2.3. Voor zover appellant betoogt dat de rechtbank ten onrechte heeft geoordeeld dat door hem in beroep niet is gesteld dat zich één of meer van de in artikel 44 van de Woningwet genoemde weigeringsgronden voordoet, is dit terecht. Appellant heeft in beroep uitdrukkelijk aangevoerd dat het bouwplan in strijd is met het bestemmingsplan. Het betoog van appellant leidt, gelet op hetgeen hierna wordt overwogen, evenwel niet tot vernietiging van de aangevallen uitspraak.
2.4. Appellant voert aan dat de erfafscheiding niet past in het doeleinde als omschreven in artikel 12, eerste lid, aanhef en onder f, van de planvoorschriften, te weten het behoud van de ruimtelijke en functionele karakteristiek van Oud Borne. Volgens appellant gaat het daarbij niet alleen om de bescherming van monumentale en beeldbepalende gebouwen, maar ook om het open houden van onbebouwde gronden, omdat deze gronden voor een belangrijk deel bijdragen aan het zichtbaar maken van de cultuurhistorische ontwikkeling van de kern. Daarbij wijst appellant op een uitspraak van de Afdeling van 21 april 1998, no. E01.96.0555.
2.5. De erfafscheiding betreft een houten hekwerk van circa 1 meter hoog dat blijkens overgelegde foto's bestaat uit verticale en horizontale balken die, met enige tussenruimte, aan elkaar zijn verbonden.
2.6. De artikelen 12, eerste lid, aanhef en onder f, en 12, tweede lid, aanhef en onder d, van de planvoorschriften strekken ertoe aan de inrichting en bebouwing van de betreffende gronden op zodanige wijze gestalte te geven dat de openheid binnen het plangebied zoveel mogelijk wordt gewaarborgd en het zicht op de monumentale dan wel andere beeldbepalende panden zoveel mogelijk wordt behouden. Blijkens de stukken en het verhandelde ter zitting wordt met de plaatsing van de erfafscheiding beoogd te voorkomen dat op het perceel wordt geparkeerd en wordt de betreffende ruimte open gelaten. Hiermee wordt tevens bereikt dat het zicht op de schuur, een beeldbepalend pand dat in het bestemmingsplan als beschermingswaardig is aangeduid, gewaarborgd blijft.
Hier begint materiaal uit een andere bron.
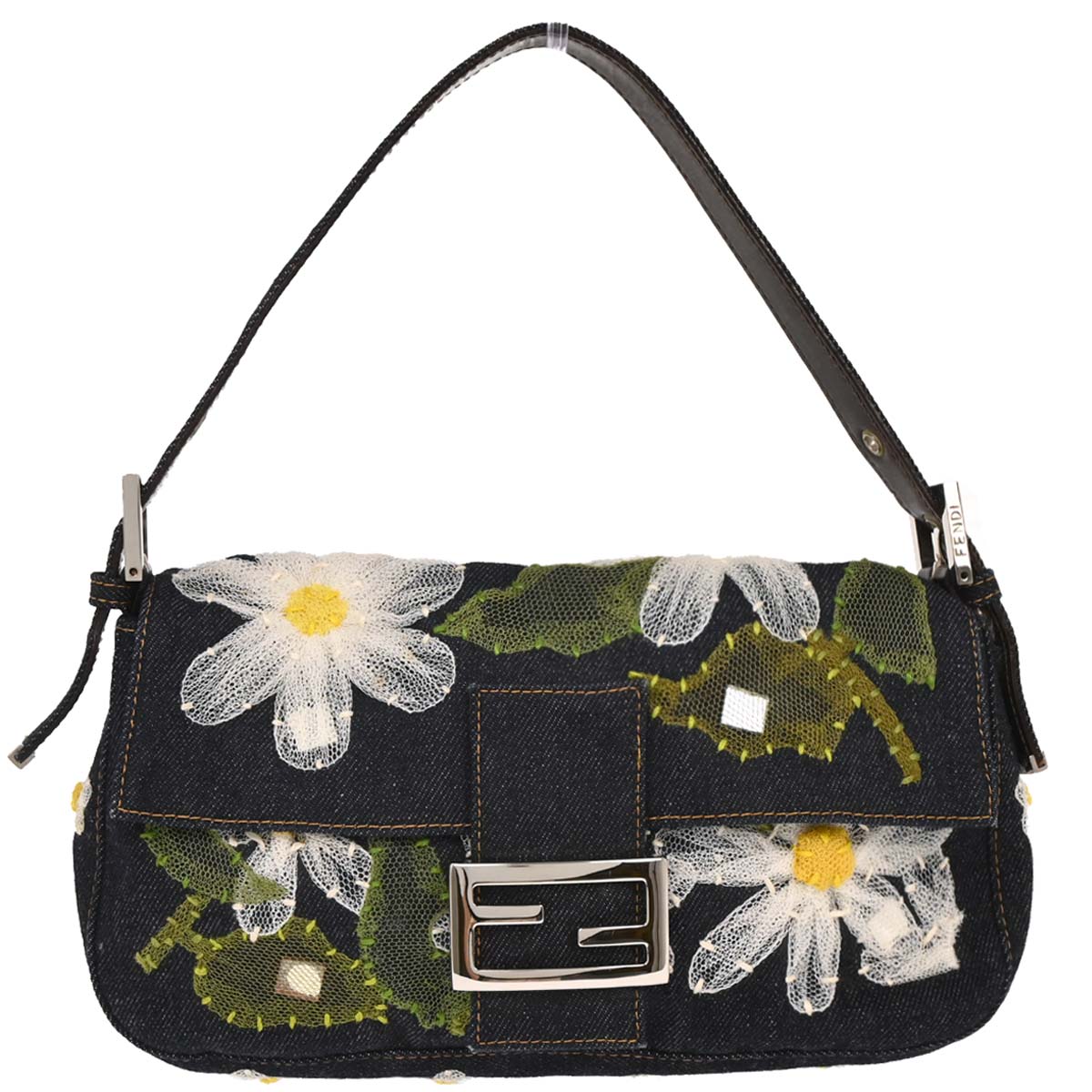 Fendi Navy Denim Baguette Handbag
Gezien het vorenstaande past de erfafscheiding, mede gelet op de geringe hoogte en de open constructie ervan, in het in artikel 12, eerste lid, aanhef en onder f, genoemde doeleinde. De erfafscheiding is derhalve niet in strijd met het bestemmingsplan. De Afdeling wijst er in dit verband nog op dat de welstandscommissie, die onder meer tot taak heeft advies uit te brengen over de plaatsing van bouwwerken in het beschermd dorpsgezicht, positief heeft geadviseerd over de plaatsing van de erfafscheiding.
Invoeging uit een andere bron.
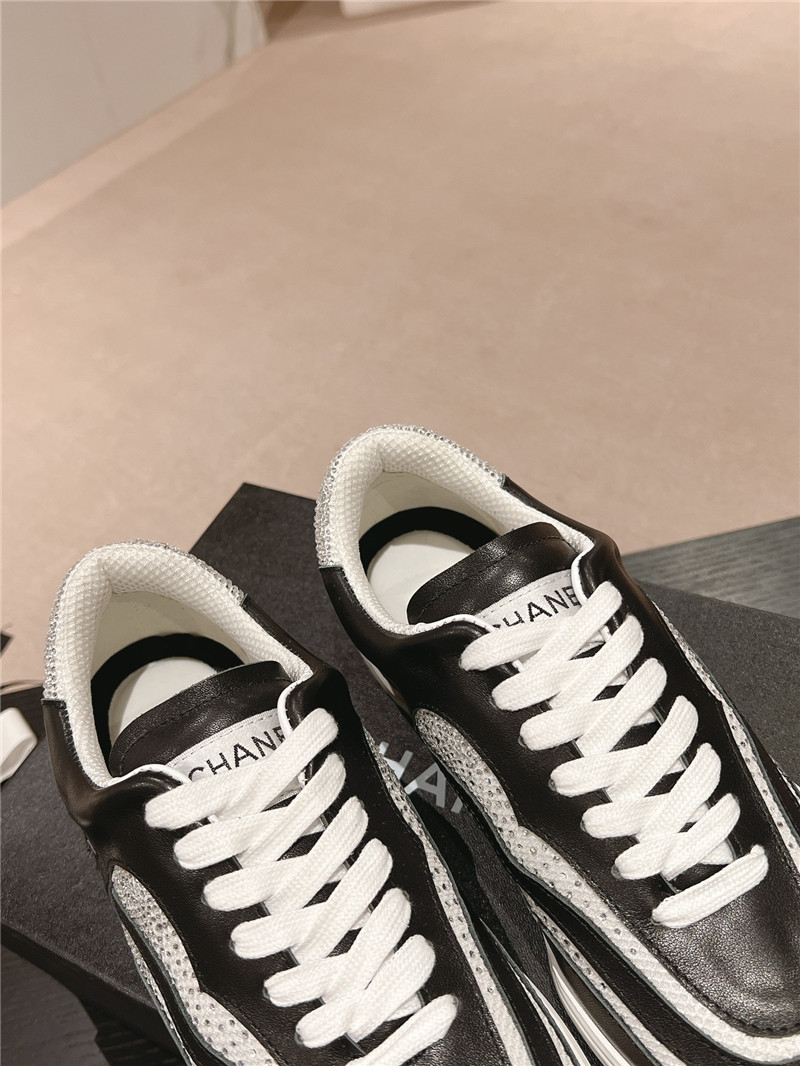 Ch**el rhinestone stitching casual sneakers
Nu aan het verlenen van de bouwvergunning geen wettelijk voorgeschreven weigeringsgrond aan de weg staat, was het college gehouden de bouwvergunning te verlenen. De rechtbank is, zij het op andere gronden, tot dezelfde conclusie gekomen.
Het hoger beroep is ongegrond. De aangevallen uitspraak dient, met verbetering van de gronden waarop deze rust, te worden bevestigd.
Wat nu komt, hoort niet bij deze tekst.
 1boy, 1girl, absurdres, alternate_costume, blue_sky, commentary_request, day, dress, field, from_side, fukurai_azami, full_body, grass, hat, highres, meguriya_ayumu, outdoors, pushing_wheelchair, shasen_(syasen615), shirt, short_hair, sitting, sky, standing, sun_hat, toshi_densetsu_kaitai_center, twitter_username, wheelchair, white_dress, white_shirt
2.7. Voor een proceskostenveroordeling bestaat geen aanleiding.
De Afdeling bestuursrechtspraak van de Raad van State
Recht doende in naam der Koningin:
bevestigt de aangevallen uitspraak.
Aldus vastgesteld door mr. W. van den Brink, Lid van de enkelvoudige kamer, in tegenwoordigheid van mr. R.P.F. Boermans, ambtenaar van Staat.